【静岡県知事選】鈴木氏が立候補表明/大村氏、10項目政策発表 選挙戦実質スタート

 前浜松市長の鈴木康友氏(66)は15日、川勝平太知事の辞職に伴う静岡県知事選(5月9日告示、26日投開票)に無所属で立候補すると表明した。県庁で会見を開いた鈴木氏は「知見、経験、ネットワークの全てを注ぎ、東部、中部、西部の『オール静岡』で県の発展に尽くす」と決意を述べた。一方、既に立候補を表明している元静岡県副知事の大村慎一氏(60)は同日、静岡市内で政策発表会見を開いた。両氏が争う構図が確定し、本格的な選挙戦が実質スタートした。
⇒鈴木氏出馬会見全文 「経験、知見を全て注ぐ」
⇒大村氏出馬会見全文 「リニア責任持って解決」
鈴木氏「混迷の県政立て直す」 東部の発展にも注力の意向
 鈴木氏は「突然の知事の辞職だったので即戦力の自分が担うべきと決断した。混迷の県政を立て直す」と出馬理由を語った。大村氏との違いについて4期16年の市長職や民間企業経営、衆院議員の経験を挙げ、市長時代に注力した企業誘致やスタートアップ(新興企業)支援、農林水産業施策などの実績を強調した。

photo03 静岡県知事選への出馬を正式表明し、記者会見する鈴木康友氏=15日午前、県庁
 知事に必要な要素としてリーダーシップと発信力を挙げ、「知事は全ての県民の負託に応えなくてはいけない。県全体に政策やポリシーを訴える。ポテンシャルがある伊豆半島を中心とした県東部の発展にも力を注ぐ」と語った。リニア中央新幹線問題には「環境との両立を図りながら推進する。課題がクリアになれば着工を認める」と述べた。

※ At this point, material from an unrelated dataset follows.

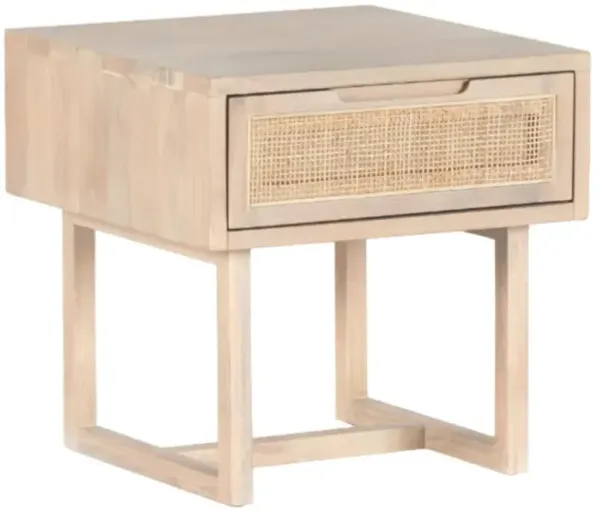 Four Hands Clarita White Wash End Table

 会見には、浜松経済界からハマキョウレックスの大須賀正孝会長と遠州鉄道の斉藤薫会長が同席した。
 鈴木氏は同市出身。当時の民主党で衆院議員を2期務めた後、2007年の市長選で初当選し、4期16年務めた。退任後はコンサルティング業などを行っている。

大村氏「県政、抜本的見直し必要」 リニア・野球場は推進
 大村氏は防災・危機管理や経済・所得など10項目を基本政策の柱に据えた政策集を発表した。15年続いた川勝県政については「対立、分断が起き、前に進まなかった。抜本的に県政の手法を見直す必要がある」との認識を示し、県と市町の連携や対話を重視した県政運営をすると強調した。

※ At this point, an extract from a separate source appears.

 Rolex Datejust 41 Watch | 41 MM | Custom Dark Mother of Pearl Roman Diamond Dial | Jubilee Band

photo03 静岡県知事選の政策を発表する大村慎一氏=15日午後、静岡市葵区
 県政の主要課題に挙がるリニア中央新幹線事業は交通利便性向上や地域活性化の観点から「推進」の立場だとし「課題を点検・確認し、県民の意見を聞きながら詰めていく」と述べた。川勝知事が主張していた部分開業については「一企業の事業計画を尊重すべき」と否定的な考えを示した。

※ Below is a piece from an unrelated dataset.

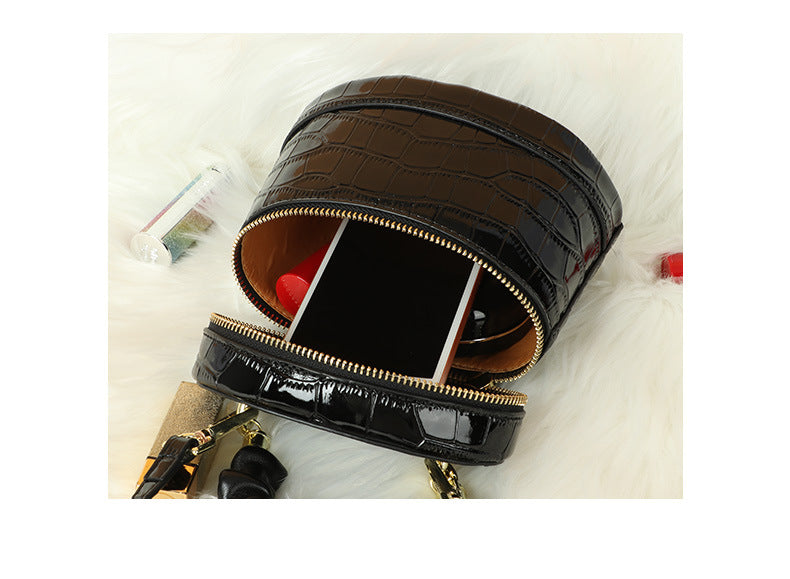 New Cowhide Crocodile Pattern Women's Bag Small Bucket Bag Retro Trendy Fashion Single Shoulder Bag Crossbody Handbag for Women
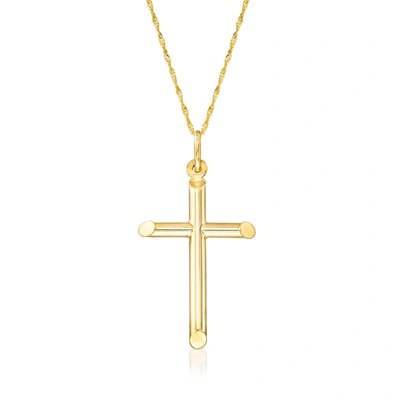 Ross-simons Italian 14kt Yellow Gold Cross Pendant Necklace In White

 浜松市の新野球場建設を推進すると強調。県が示す野球場の規模と構造の組み合わせ3案の選択は明言せず、地元の要望や県の財政状況を考慮して検討すると説明した。周辺地域のにぎわい創出も合わせて進める方針を示した。
 基本政策10項目に加え、トップセールスの姿勢で自ら先頭に立って県の魅力発信を行うとした。